City Manager Bobby Roberson said the decision to reject the project could have unintended consequences for the city. “From my perspective, I’m going to draft a letter and send it directly to NDCOT and tell them we’re not interested in improvements on 15th Street. …Trust me, they’re not going to move up — I understand the public comment — when I send that letter, they will move on to another project. They will not be negotiating back and forth once I send that letter,” Roberson said. “I just want to be sure that’s exactly what the council wants. I’ll do what the council directs me to do, but I just want to be sure that’s what you folks want.”
Bill Kincannon, DOT’s resident engineer for its Division 2, weighed in on the council’s Dec. 12 vote.
“Well, the way these projects work is that we’re basically following the guidance we were given with the Beaufort County transportation plan, which all of the council met and approved previously,” he said. “We pretty much gave them precisely what they asked for. To change the project from that, from what was voted on by them, by the city and the county, for the RPO, we pretty much have to put together a different project.

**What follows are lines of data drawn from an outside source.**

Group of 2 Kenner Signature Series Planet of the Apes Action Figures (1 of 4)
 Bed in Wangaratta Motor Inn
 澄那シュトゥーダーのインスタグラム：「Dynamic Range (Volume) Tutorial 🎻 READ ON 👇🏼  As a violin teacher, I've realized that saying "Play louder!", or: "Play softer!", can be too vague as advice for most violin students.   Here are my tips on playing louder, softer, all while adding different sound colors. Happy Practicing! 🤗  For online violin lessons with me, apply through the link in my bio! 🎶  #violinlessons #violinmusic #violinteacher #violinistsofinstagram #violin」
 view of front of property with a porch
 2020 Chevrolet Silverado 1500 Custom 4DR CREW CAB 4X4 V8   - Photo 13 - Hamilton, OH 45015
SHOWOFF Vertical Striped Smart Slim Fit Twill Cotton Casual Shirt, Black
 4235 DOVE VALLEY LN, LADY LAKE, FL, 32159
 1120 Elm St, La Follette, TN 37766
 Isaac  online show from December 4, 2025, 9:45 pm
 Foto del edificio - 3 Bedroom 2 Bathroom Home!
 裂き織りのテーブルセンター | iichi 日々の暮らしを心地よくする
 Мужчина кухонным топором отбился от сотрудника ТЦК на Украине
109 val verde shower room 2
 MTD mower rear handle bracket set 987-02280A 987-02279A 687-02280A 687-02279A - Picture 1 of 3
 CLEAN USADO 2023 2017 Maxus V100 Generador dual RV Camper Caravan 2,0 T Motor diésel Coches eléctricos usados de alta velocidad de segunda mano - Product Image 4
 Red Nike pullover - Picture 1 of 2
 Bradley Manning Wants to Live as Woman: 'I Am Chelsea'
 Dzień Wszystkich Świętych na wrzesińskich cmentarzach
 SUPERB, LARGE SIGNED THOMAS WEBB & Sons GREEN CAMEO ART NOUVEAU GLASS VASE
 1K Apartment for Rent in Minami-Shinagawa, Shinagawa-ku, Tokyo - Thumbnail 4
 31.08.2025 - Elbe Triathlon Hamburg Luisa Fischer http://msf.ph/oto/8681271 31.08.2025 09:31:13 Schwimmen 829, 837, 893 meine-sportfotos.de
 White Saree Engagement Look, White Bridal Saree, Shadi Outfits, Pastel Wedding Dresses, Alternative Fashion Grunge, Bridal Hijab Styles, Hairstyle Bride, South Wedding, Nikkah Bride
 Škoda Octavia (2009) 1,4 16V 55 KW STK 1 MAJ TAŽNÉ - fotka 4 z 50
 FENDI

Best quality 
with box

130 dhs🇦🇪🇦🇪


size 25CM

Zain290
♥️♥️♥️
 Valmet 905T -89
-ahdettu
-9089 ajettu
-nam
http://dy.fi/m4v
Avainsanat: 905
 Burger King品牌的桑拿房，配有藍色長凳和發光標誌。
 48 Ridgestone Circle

Kincannon continued: “Once the town says they don’t want the project, (what they have to do) is to tell the RPO in a formal letter, telling them they don’t want to do the project, and we pull everything back. If they want any other project, they’ll basically have to start all over again. If they absolutely say they don’t want any part of the project, the project is going to come off the table.”
Kincannon said Roberson is “essentially correct” in his assessment that DOT will move on to another project now that the city rejected the 15th Street project.
In August, the North Carolina Department of Transportation conducted an informational meeting about the project, which called for converting the existing multi-lane road into a four-lane, raised-median divided road. The project was designed to improve overall traffic flow and traffic safety. The project also included median breaks for left turns as traffic volumes warrant. U-turn locations will be provided at several locations.
Some residents and business owners along the project corridor opposed raised medians and other elements of the proposed project. Despite DOT modifications to the project, those residents and business owners remained unhappy with the project.
DOT spokesmen have said the project’s goal was to reduce the number of vehicles crashes on 15th Street. Crashes on the western section of the project corridor occur about three times more frequently than crashes on similar roads in other areas of the state, according to DOT figures.